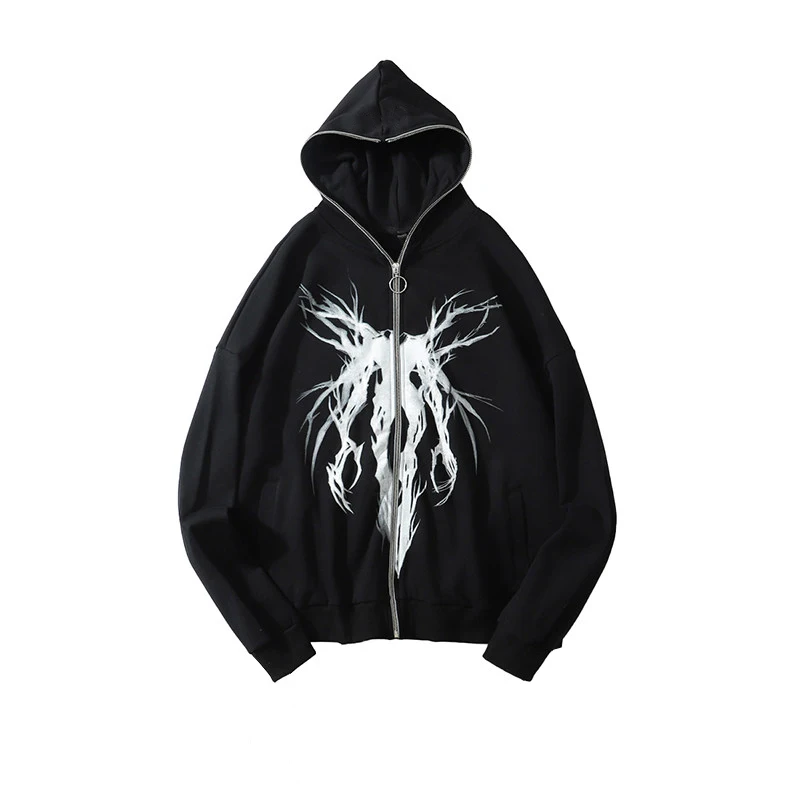 Свитер goth Dark с принтом дьявола Свободный кардиган толстовка куртка оверсайз в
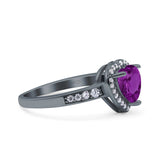 Heart Promise Ring Halo Heart Round Simulated Cubic Zirconia 925 Sterling Silver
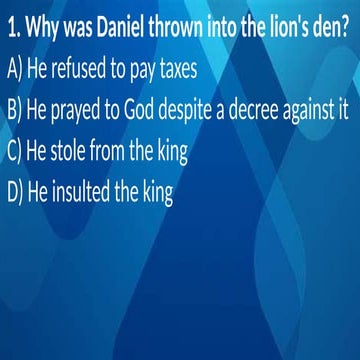Bible Quiz in the Book of Daniel and the Book of Acts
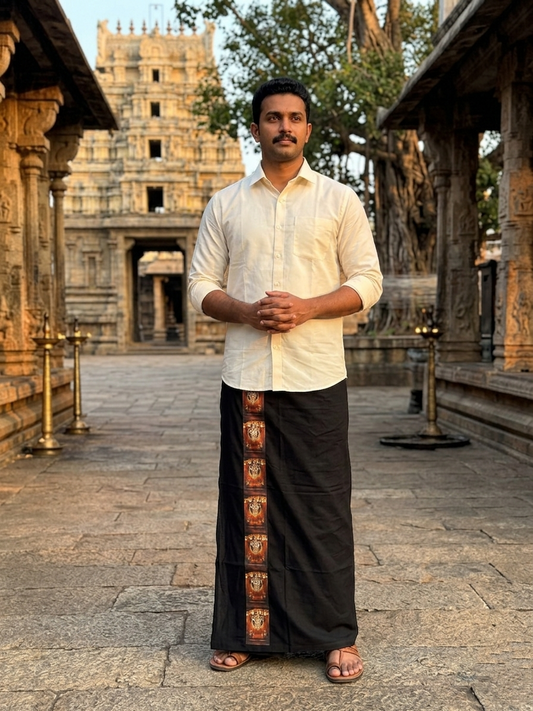 Southloom Black Printed Ayyapan Single Mundu / Otta Mundu (South Indian Kerala Dhoti)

▶ [Task directions] Print the full listing exactly, dropping the pictures.

▶ [Response to the task]
 Свитер goth Dark с принтом дьявола Свободный кардиган толстовка куртка оверсайз в
 Heart Promise Ring Halo Heart Round Simulated Cubic Zirconia 925 Sterling Silver
Bible Quiz in the Book of Daniel and the Book of Acts
 Southloom Black Printed Ayyapan Single Mundu / Otta Mundu (South Indian Kerala Dhoti)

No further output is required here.